─── Dataset excerpts

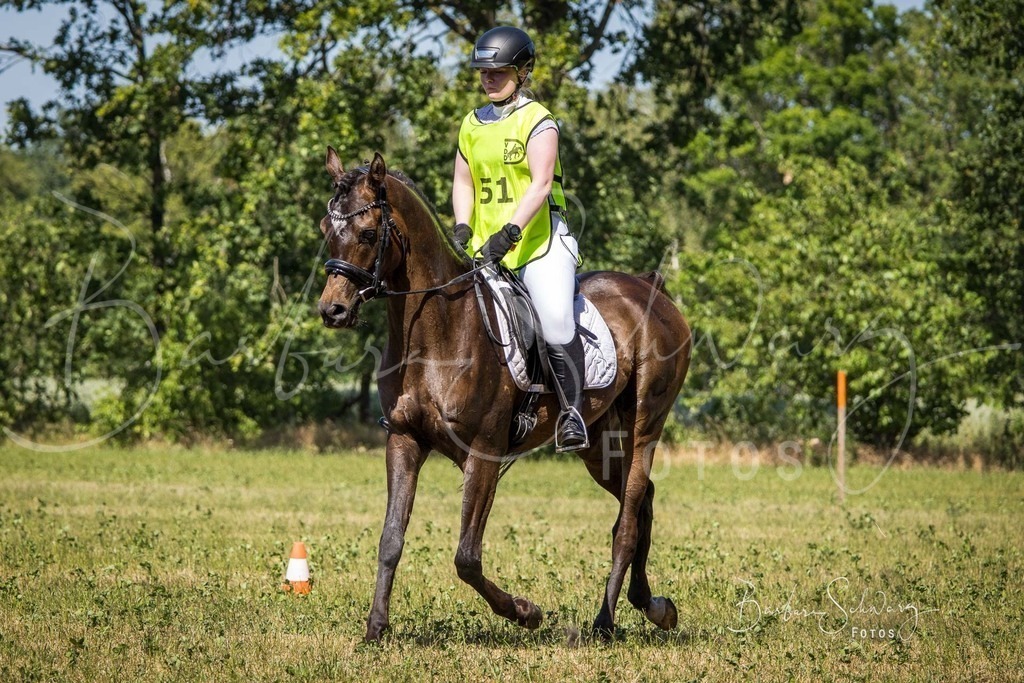CJP_2026-06-26_185 | Stimmungsvolle Fotografie von Pferden, fotografische Begleitung von Veranstaltungen, Golfturnieren und Distanzritten - Realisiert mit Pictrs.com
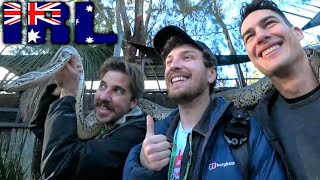 Exploring Wild Animals In Australia! ft. I did a thing & Boy Boy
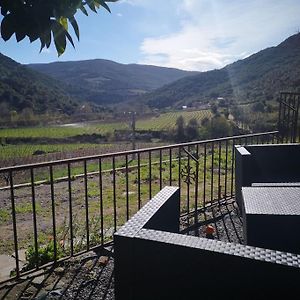 Villa Au Coeur Des Vignes, Entre Montagnes Et Riviere à Vieussan Exterior photo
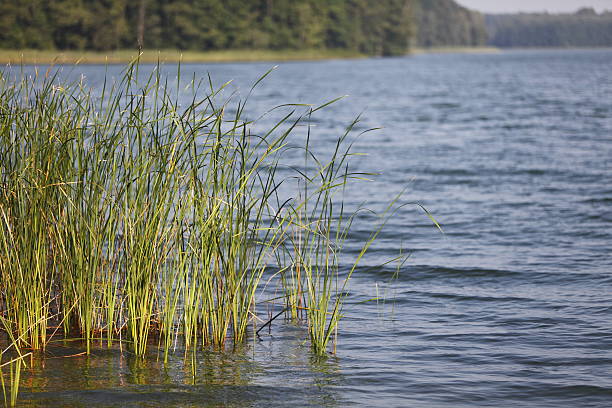 istock grass on the lake XXXL 184655421
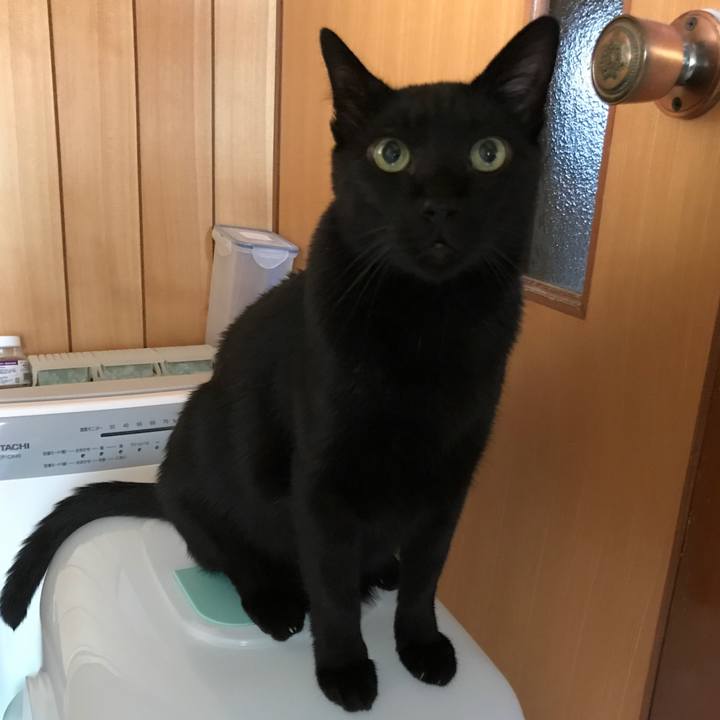 855c04cc 046a 4fbe bb47 84053938d7d9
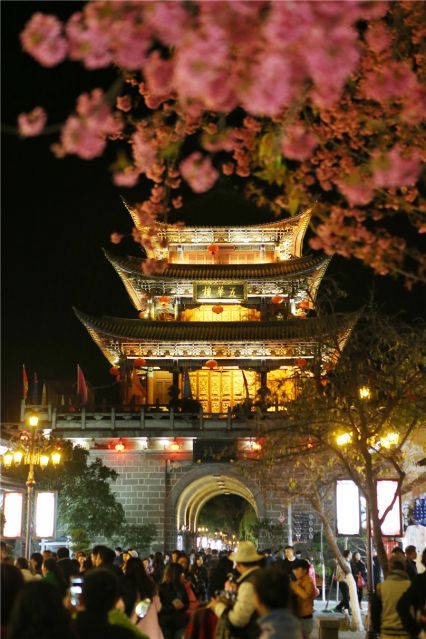 樱花灿烂迎新年  大理古城游人多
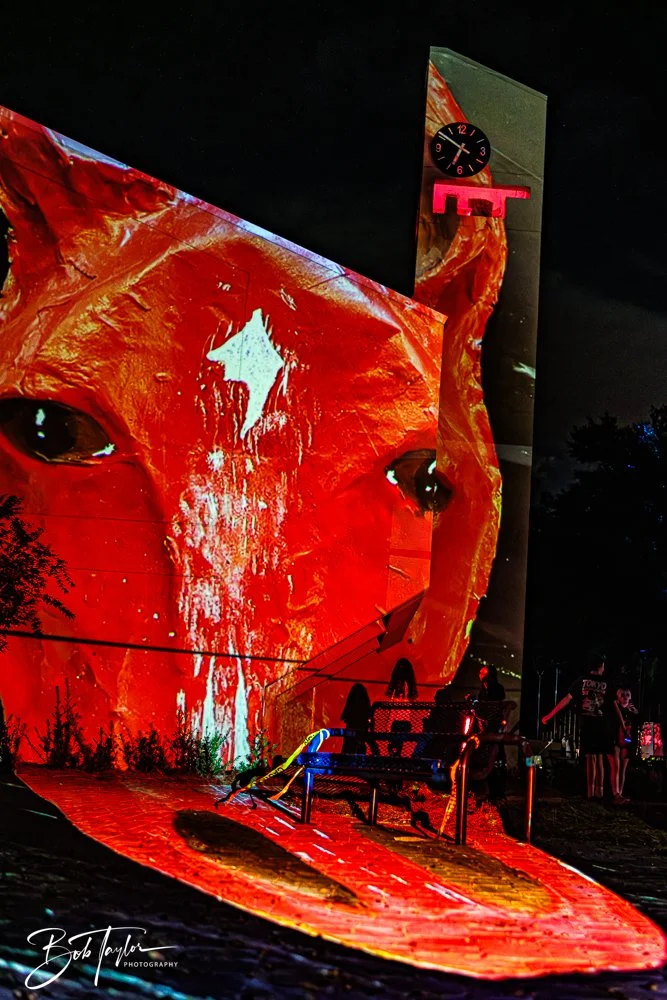 20251107-Eye Sore -20.jpg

──────

> **What is required**:
Output nothing except an exact copy of the records above, with the images left out.

> **Solution to the exercise**:
CJP_2026-06-26_185 | Stimmungsvolle Fotografie von Pferden, fotografische Begleitung von Veranstaltungen, Golfturnieren und Distanzritten - Realisiert mit Pictrs.com
 Exploring Wild Animals In Australia! ft. I did a thing & Boy Boy
 Villa Au Coeur Des Vignes, Entre Montagnes Et Riviere à Vieussan Exterior photo
 istock grass on the lake XXXL 184655421
 855c04cc 046a 4fbe bb47 84053938d7d9
 樱花灿烂迎新年  大理古城游人多
 20251107-Eye Sore -20.jpg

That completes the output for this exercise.